Video Games: The Movie
Video Games: The Movie, a feature length documentary, aims to educate & entertain audiences about how video games are made, marketed, and consumed by looking back at gaming history and culture through the eyes of game developers, publishers, and consumers. The film is not just another film about the games industry, but attempts something much more ambitious; the question of what it means to be a 'gamer', a game maker, and where games are headed. Storytelling and the art of the video game medium are also explored in this first of it's kind film about the video game industry & the global culture it has created.
Source: IMDB
Narrated by Sean Astin who you may remember him as Rudy or maybe better know as the "stupid fat hobbt" Samwise Gamgee. This documentary takes us on a ride through the evolution of video games.

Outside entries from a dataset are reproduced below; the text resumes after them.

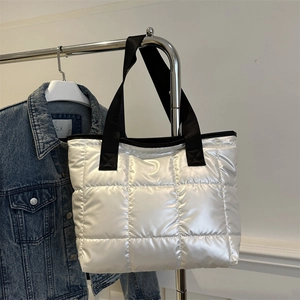 Quilted white space cotton tote bag with black straps hanging in a minimalist setting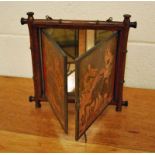 An Oriental triple folding Mirror, the mirror is enclosed within a turned wood simulated bamboo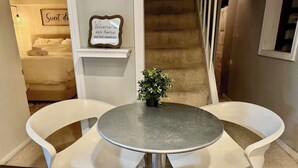 A dining area with a round table and two white chairs, a small potted plant, a framed welcome sign, and a staircase in the background. - Downtown SLC 1BR · Marmalade · Walk to Capitol (Salt Lake City)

During this evolution timeline we get to go back to the very beginning and then end where games are the treated as not only gameplay but as art. Most of our readers will recognize these consoles and games, for myself I know it was a great way to take you back to how games used to be.
My first console I ever owned I got on Christmas. This was still in the 80's and I remember being the luckiest kid in the world. My video game experience at that point revolved around two prior consoles, the Atari 2600 and the Intellevision. But back to the movie, they did a good job at hitting all the diffent generations of games/consoles. One of my favorite moments of the documentary was the launch of the Playstation 1 and the voice of Sony, Crash Bandicoot. The reason this stuck out was because I was a Nintendo fan boy at the time, didn't own a Nintendo 64 or a Super Nintendo but if I was good we would rent the console for the weekend. The reason this stood out to me was how much I hated the Playstation and that stupid Bandicoot! At the time I thought, "how dare this thing call out my beloved Mario!" Again, just one of the many memories that surfaced during my time watching this movie.
Not only did this movie address the different consoles made but the progress of society from taking a stand against Atari and its terrible rendition of ET to the acceptance of video game gameplay as an art.
If your browsing through Netflix looking for something to help bring back some of those feelgood childhood memories this is one you can't go wrong with. The movie does jump back and forth on the evolution timeline which is the one and only draw back, thiis however doesn't take away from the movie one bit.